2. Context Loss Between Sessions

Even with progress checkpointing, agents lose nuance between sessions. A progress file captures what was done and what remains, but not the reasoning behind decisions or the dead ends that were explored. Future sessions sometimes re-explore paths that a previous session already rejected.

3. Escalation Loops

When an agent is blocked and escalates to the SDM, the SDM creates a task for another agent. But if that agent is also blocked on something related, you get a circular dependency. We've seen cases where three agents are all waiting on each other. The SDM has to detect these loops and break them — sometimes by making a judgment call about which agent should proceed with an imperfect solution.

Lessons Learned

Files Beat Databases for Agent State

We considered SQLite, Redis, and even a simple REST API for task state. Markdown files won because: (1) agents read and write them natively, (2) git provides free versioning and audit trails, (3) humans can debug the entire system by reading text files, (4) no infrastructure to maintain.

Autonomy Requires Guardrails, Not Approval Gates

The instinct is to require human approval for everything. This kills throughput. Instead, we use graduated trust: self-merge for low-risk changes, peer review for standard changes, mandatory checklists for critical changes. The agents operate autonomously within their guardrails.
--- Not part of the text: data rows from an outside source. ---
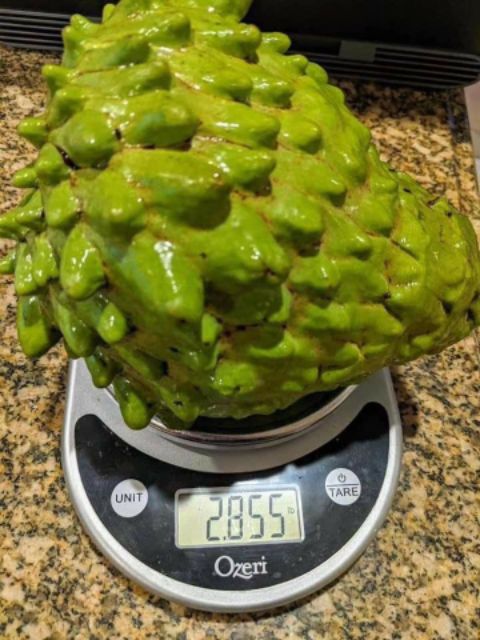 Na Thái... trái rất to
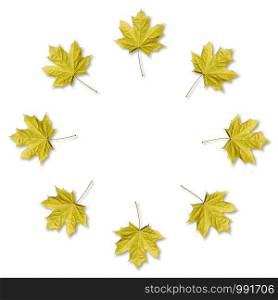 Yellow Maple leaves organized in round frame with copy space. Fall background.. Maple leaves organized in round frame with copy space. Fall background.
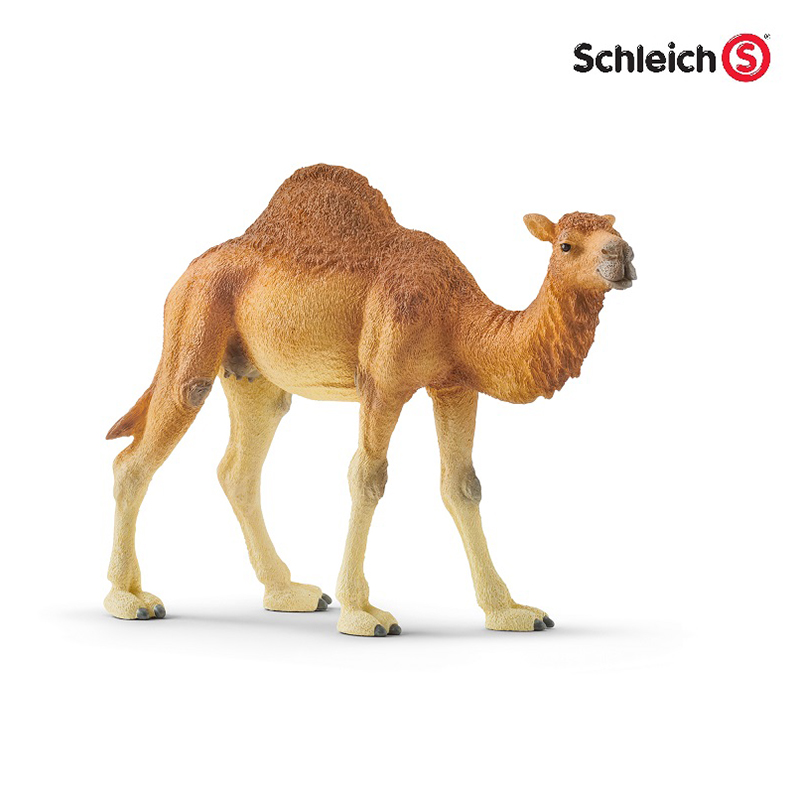 Đồ Chơi Mô Hình SCHLEICH Lạc Đà Một Bướu 14832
Session Duration Matters More Than You Think

60-minute work sessions hit a sweet spot. Shorter sessions (30 minutes) don't leave enough time for complex tasks after the overhead of reading context, checking progress, and planning. Longer sessions (2+ hours) risk token exhaustion and context degradation. 60 minutes gives enough time for one meaningful deliverable per session.

The Biggest Failure Mode Is Rabbit Holes

Agents don't usually write catastrophically bad code. What they do is spend their entire tool budget investigating an interesting but irrelevant problem. A test fails, the agent investigates, discovers it's a pre-existing issue on main, but has already burned 7 of 10 tool calls. The actual task gets a rushed, incomplete implementation.

The fix is explicit in the agent configuration: check if failures are pre-existing before investigating, create tasks for the SDM to triage, and move on. Prioritize delivery over curiosity.

The Stack

Should You Build an Agent Team?

If you have a single product with a small surface area, probably not. The orchestration overhead isn't worth it.

If you have multiple products, diverse task types (content, infrastructure, code, research), and a need for continuous operation — it's worth exploring. The key insight is that agent teams aren't about replacing developers. They're about maintaining velocity across a surface area that's too large for one person to cover.

ClawWorks maintains 4 products, publishes 59 articles across 2 sites, manages AWS infrastructure, runs live trading bots, and conducts security research — all with one human providing strategic direction and 6 agents executing continuously.

The architecture is simple. The hard part is getting the guardrails right.